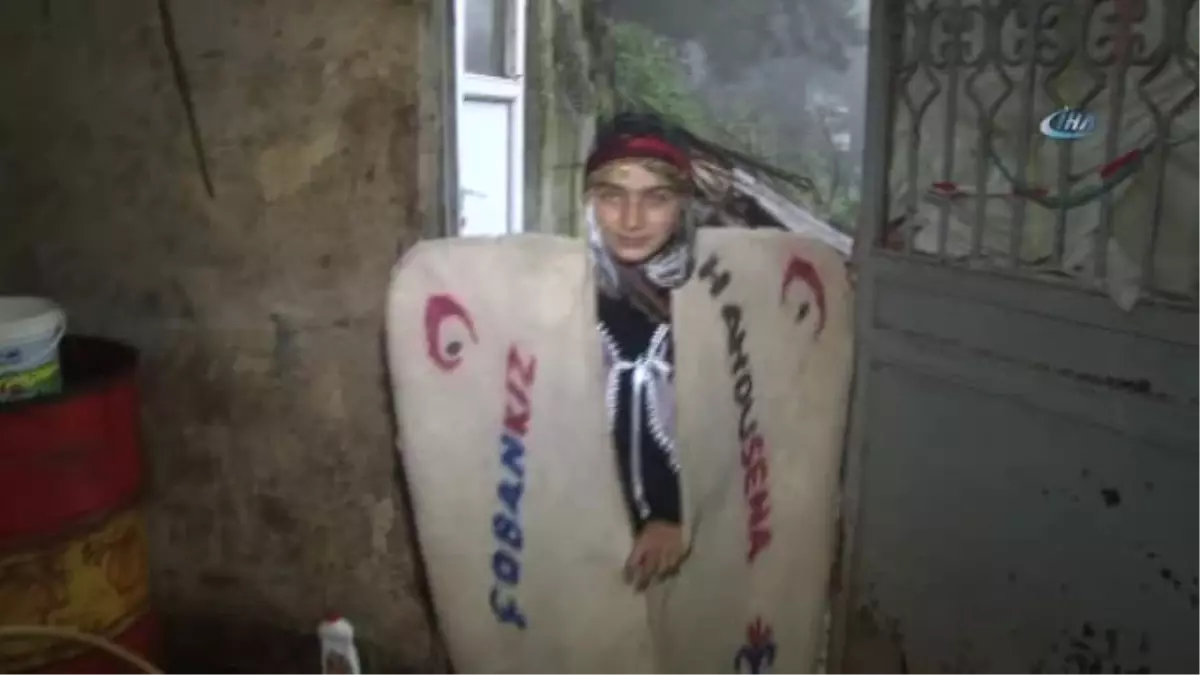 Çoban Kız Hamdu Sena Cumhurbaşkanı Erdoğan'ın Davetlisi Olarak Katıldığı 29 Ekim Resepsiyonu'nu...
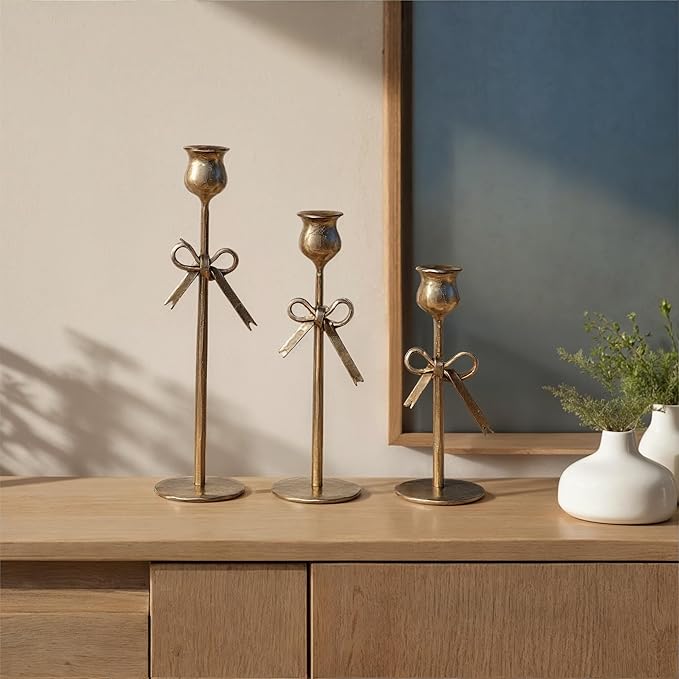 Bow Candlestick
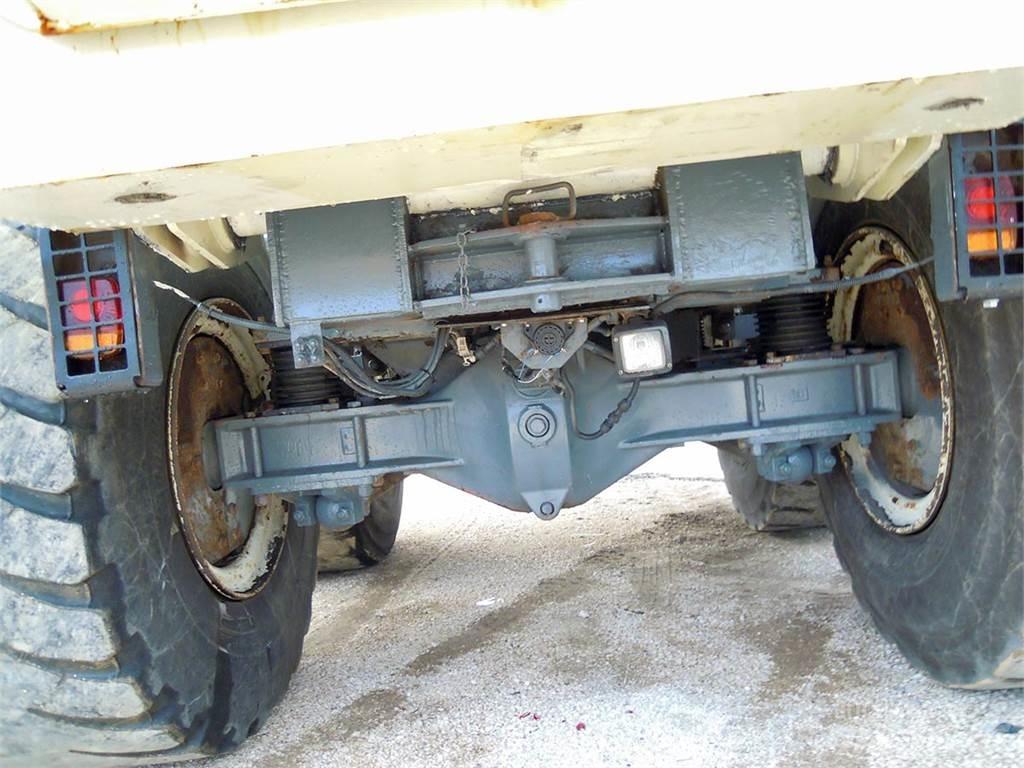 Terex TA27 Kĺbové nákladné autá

━━━━━━━━

== What the exercise asks ==
Copy the whole of the material above exactly, but not its images.

== Solution ==
 Çoban Kız Hamdu Sena Cumhurbaşkanı Erdoğan'ın Davetlisi Olarak Katıldığı 29 Ekim Resepsiyonu'nu...
 Bow Candlestick
 Terex TA27 Kĺbové nákladné autá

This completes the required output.